Anyone can get infected with the virus and become ill at any time. However, most people infected with the virus will experience mild to moderate respiratory illness and recover without requiring special treatment. Others will become seriously ill and require medical attention. Older people and those with underlying medical conditions like cardiovascular disease, diabetes, chronic respiratory disease, hypertension and cancer are more likely to develop serious illness [6,7,8].

Symptoms of the disease have been classified into three levels according to the severity of the disease; the less common symptoms, the most common symptoms and serious symptoms. The less common symptoms include experiencing sore throat, headaches, aches and pains, diarrhoea, noticing a rash on skin, or discoloration of fingers or toes red or irritated eyes. The most common symptoms include experiencing fever, tiredness, loss of taste or smell and having a dry cough. The serious symptoms include difficulty breathing or shortness of breath, loss of speech or mobility, or confusion and chest pains [9].

On average it takes 5–6 days from when someone is infected with the virus for symptoms to show up, however it can take up to 14 days for symptoms to show up. Important complications due to the infection include acute respiratory distress syndrome, sepsis, digestive stress, liver injury, hyperinflammatory response, multiorgan failure, thromboembolism and vascular damage [10, 11].

The following current precautionary measures are recommended according to public health standards; wearing face protection in high risk environments e.g., properly fitting surgical mask, practicing physical distancing (at least 1 m apart) from others, practicing good respiratory hygiene by covering the mouth and nose with a cloth when sneezing or coughing or sneezing or coughing in your flexed elbow in the absence of a cloth, choosing open, well-ventilated spaces over closed ones, washing the hands regularly with soap under running water for at least 30 s and cleaning the hands intermittently with an alcohol-based hand sanitizer. The others include staying home or indoors if one is experiencing any of the symptoms and getting vaccinated [12,13,14].

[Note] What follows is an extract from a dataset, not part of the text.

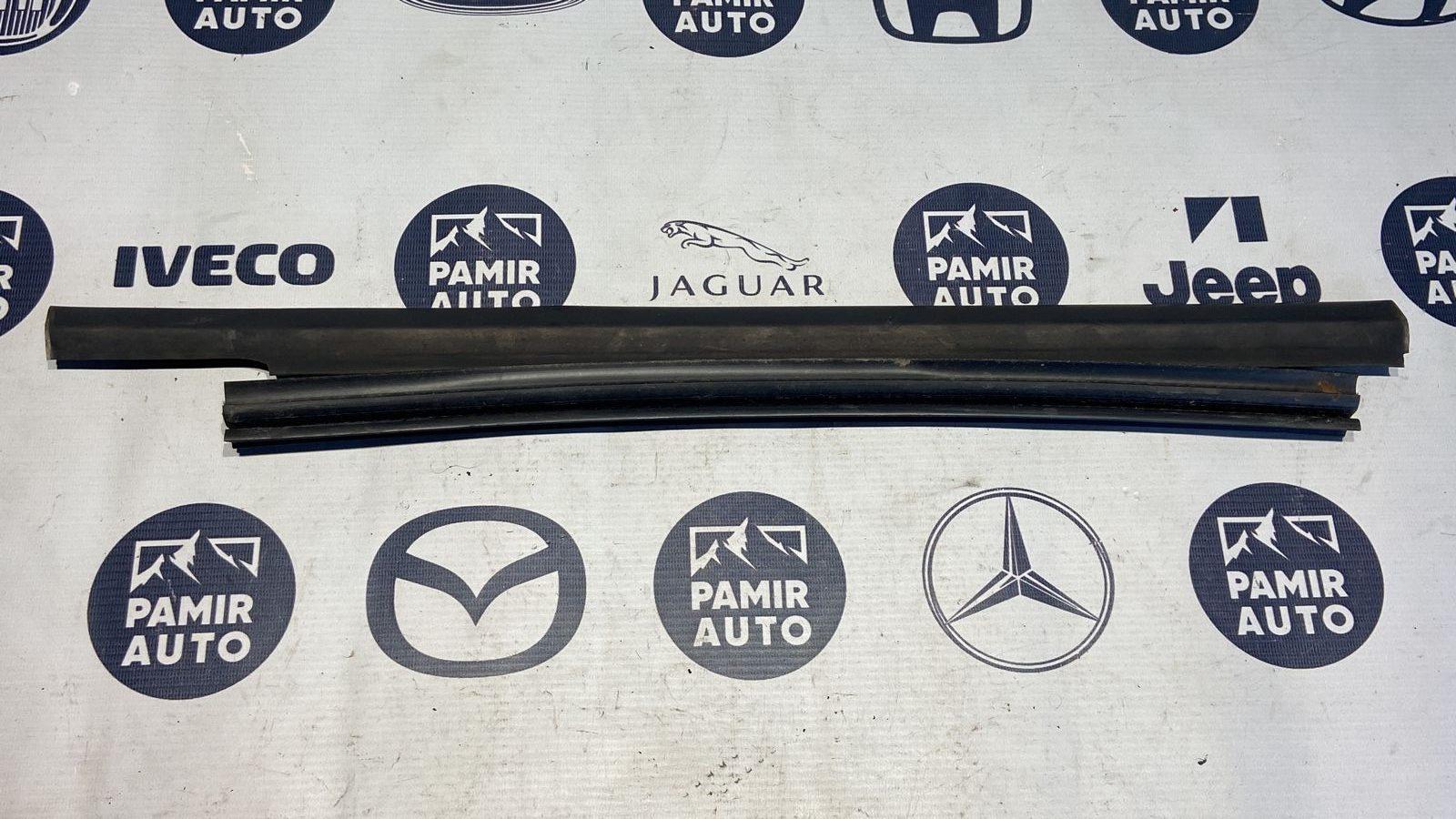 Уплотнитель двери задний правый Mercedes M/W163 1997-2005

Global observations have shown that the success or failure in preventing and controlling the spread of the disease largely relies on human behaviours [12]. This is dependent on the level of knowledge and/or perception of the disease, the attitudes adopted by persons due to the level of knowledge, information and/or perception of the disease and the decision to adhere to the preventive practices (KAP) of the disease. These can be examined via the KAP framework [15]. Knowledge is factual information that a person identifies with. It is also a way of conceiving something borne from an individual’s perceiving. Attitude involve beliefs that predisposes individuals to act in certain ways. They are intermediary between the response to any phenomenon. They reveal the variable stands for an individual submitted to any stimulus which can be directly or indirectly observed and assessed. Practices or behaviours are the observable actions of an individual in response to a stimulus [15, 16]. Generally, the framework provides information about what is already known, perceived, believed and done about a phenomenon of interest among a target population. The findings then reveal misunderstandings, misconceptions and helps to locate aspects where information and education efforts remains to be maximized, and misbehaviors that signify hindrances to the phenomenon of interest [15]. The framework hypothesizes that, knowledge that is considered beneficial translates into optimistic attitude and the practice of the knowledge [16].

Since the emergence of the pandemic, studies have been conducted to investigate the KAP on the novel COVID-19 among diverse groups including community dwelling adults, parents, health care workers, students etc. [17,18,19,20,21,22]. These studies have allowed us to identify groups that have adequate or deficient knowledge of the disease, groups that have developed positive or negative attitudes to the disease and groups that are adhering to or not to the preventive practices of the disease. By and large, to facilitate effective management of the pandemic globally, an all-inclusive population awareness of the KAP of the disease are fundamentally important. We therefore set forth to contribute to the scientific literature on the scope of COVID-19 by examining the KAP of COVID-19 among deaf persons living in the Ayawaso North Municipality of the Greater Accra region of Ghana.